Thursday, February 26, 2009

let's see what life has to hold, down the road.

well, this has been brewing in my mind. Hopefully my mother won't kill me for it (:






i was reading throught the 1975 Viking annual last night when I began thinking more of my parents, rather than my life. It's so amazing to think (and this is where they may wanna shoot me) but..at one point, they were my age too. I know it's hard for me to believe ONLY because I wasn't there to witness them at that age. They suffered the same issues that I face now. The wisdom is there, as to what I should do next, but I believe they hold back sometimes in hopes that maybe the mistake I make will be one that makes me stronger. one signature said something about being home "on time", hmm..i've never missed a curfew! these are people that spent their time with my parents, they laughed, they made memories, some of them loved each other, some of them hated the other. Some of them ended up marrying each other & some moved away, and haven't been seen since graduation - - it's so surreal for me; To believe that my parents rode up & down the same roads that we do, sometimes talking about the same things we do now, basically, they grew up the same way we did.
We don't give them enough credit for the things they do for us, to protect us. We should realize that they have been there before we ever thought about being there, we should listen as they advise us on what to do, but no - some of us are too stubborn.
I cannot imagine my parents when they "dated" (courted, whatever they called it). That (in my world) never exsisted. You know, I've heard stories of that time in their life, but I just can't wrap my mind around it.
Men were completely different then, compared to now. Most ALL men then held the door, opened the door, walked you to your door, called you (now..we text! - for the most part), sent flowers for no apparent reason other than to let you know they were thinking about you, etc, etc. Nowadays, yes, there are still men around like that (and I would say BE THANKFUL if you have one that does all those things for you, because they're hard to find) but back then, it was second nature. It was the way it was supposed to be. We've strayed so far away from mannerism's in today's world that it's sad.
Anyway, onward to my observation.. I can't see my daddy leaving the table during an UNO game with Mamma & PawPaw because he was about to win, and didn't want to make PawPaw mad before he asked for my mothers hand in marriage. & I can only hear about him and Mamma washing the car when he popped the question.
It's not that I don't want to see it, or even that I'm trying to block it from my memory. Believe me, i'd love to have been a fly on the wall in that situation. I'd love to go back & spend a day in that era. The clothes, the vehicles, the past times, the school, the people, everything about it seems so much fun - compared to now. I'm sure i'll look back in 20 years and say the same thing about this time period, though, too. I guess what this whole post is about would be that - - it's just hard to imagine life for my parents without children.

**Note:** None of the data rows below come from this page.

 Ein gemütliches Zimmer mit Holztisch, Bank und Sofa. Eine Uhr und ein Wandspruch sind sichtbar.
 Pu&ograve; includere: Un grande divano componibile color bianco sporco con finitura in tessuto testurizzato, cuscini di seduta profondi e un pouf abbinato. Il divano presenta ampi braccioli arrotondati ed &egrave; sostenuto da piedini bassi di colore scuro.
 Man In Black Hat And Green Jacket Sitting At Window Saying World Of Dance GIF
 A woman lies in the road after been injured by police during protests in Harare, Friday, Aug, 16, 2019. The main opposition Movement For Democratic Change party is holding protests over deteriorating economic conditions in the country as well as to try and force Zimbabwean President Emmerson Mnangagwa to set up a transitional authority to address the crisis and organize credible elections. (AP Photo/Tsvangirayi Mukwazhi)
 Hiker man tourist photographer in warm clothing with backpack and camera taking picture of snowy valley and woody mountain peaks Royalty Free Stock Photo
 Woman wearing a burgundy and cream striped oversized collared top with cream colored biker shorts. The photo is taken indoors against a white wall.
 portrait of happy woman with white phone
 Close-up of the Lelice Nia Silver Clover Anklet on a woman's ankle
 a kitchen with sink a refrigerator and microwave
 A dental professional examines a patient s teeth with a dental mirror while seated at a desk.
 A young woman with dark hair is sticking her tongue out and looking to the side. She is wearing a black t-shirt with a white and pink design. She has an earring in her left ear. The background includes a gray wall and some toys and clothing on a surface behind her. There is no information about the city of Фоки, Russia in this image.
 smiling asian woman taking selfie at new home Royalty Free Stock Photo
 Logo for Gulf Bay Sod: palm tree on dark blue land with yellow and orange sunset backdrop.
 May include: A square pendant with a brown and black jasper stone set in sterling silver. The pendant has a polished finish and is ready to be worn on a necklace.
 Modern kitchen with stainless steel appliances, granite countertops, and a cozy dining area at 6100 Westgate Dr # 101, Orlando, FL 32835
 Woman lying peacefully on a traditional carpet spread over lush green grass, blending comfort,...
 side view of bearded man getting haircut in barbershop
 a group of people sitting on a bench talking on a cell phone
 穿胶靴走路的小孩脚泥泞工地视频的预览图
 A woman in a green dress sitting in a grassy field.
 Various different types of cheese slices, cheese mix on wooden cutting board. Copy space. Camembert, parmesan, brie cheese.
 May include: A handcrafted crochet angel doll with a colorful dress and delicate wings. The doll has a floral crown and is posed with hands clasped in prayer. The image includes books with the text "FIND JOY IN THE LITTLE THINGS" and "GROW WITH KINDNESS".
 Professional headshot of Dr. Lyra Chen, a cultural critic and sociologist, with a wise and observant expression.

They are so good to us, and we take it for granted each & everyday.

"And I go back to watchin summer fade to fall
Growin up too fast and I do recall
Wishin time would stop right in its tracks
.."




Monday, February 23, 2009

i'm tangled up in you.

So, lately my blogs have been about what is perfect or imperfect in my life. I should start off by letting you know that in somewhat of a way, I have strayed from leaving the simple things out of my blog. I shouldn't. Those are the things that matter. Right? I'm not feeling very philosophical, so i'll share with you, my new addition. (:


Saturday night my little small dream came true! My first (of hopefully many) betta fishes (yes, they are called fishES not fish') was purchased.

Shea & I went to walmart at almost 9:30 to get it, and I was as happy as a kid who'd just told Santa what they wanted for Christmas. Shea said, "She has smoke comin off of her shoes while she was walking to the fish." - ha!

So, we walked to them, and as I looked, Shea picked one up. It was beautiful. A red one, but when the light hit it just right, it would turn blue. It had long, flowing fins, but to me he looked old. I've gotten to where I can tell, sort of. I've done so much research on these fish, ask anyone. I am really excited about this, and I hope to breed them sometime.
Anyway, he picked the fish up, and i told him that was a great one! I told him to let me check the other shelf, just to make sure. So, i walked to the other side of the aisle, and I spotted him. A yellow betta male, with a black face. He was darting around his "bowl", ful of energy & life.
You're thinking i'm crazy, huh? I am seriously to the point of obsession. I spent all of last week Googling these fish, to make sure that when I got one, it would have the proper care.
Now, i have one of my own to give a happy life to. So far, he seems pleased.


Frankie Earl

I got Marlee out Saturday, while I cleaned my truck out & Daddy tempored some knife blades. She was just as happy as a kid in the candy shop! She was struttin around like she owned the place. She's doing SO well with her retrieving (Thanks to Daddy!) and she loves attention.
I thought about putting her "Life is Good" collar on, but we're gonna save that for her first REAL dove hunt, or something else special like that!
After she'd been out for about an hour, I decided to take her riding. That's one other thing she tends to enjoy a whole lot. So, we rode out through the country before the rain set in. Once we got back, she was glad to hear "Kennel up!" I think she'd had enough for the day!



Mallard Marlee Made

So, there you have it, fellow bloggers. My little family!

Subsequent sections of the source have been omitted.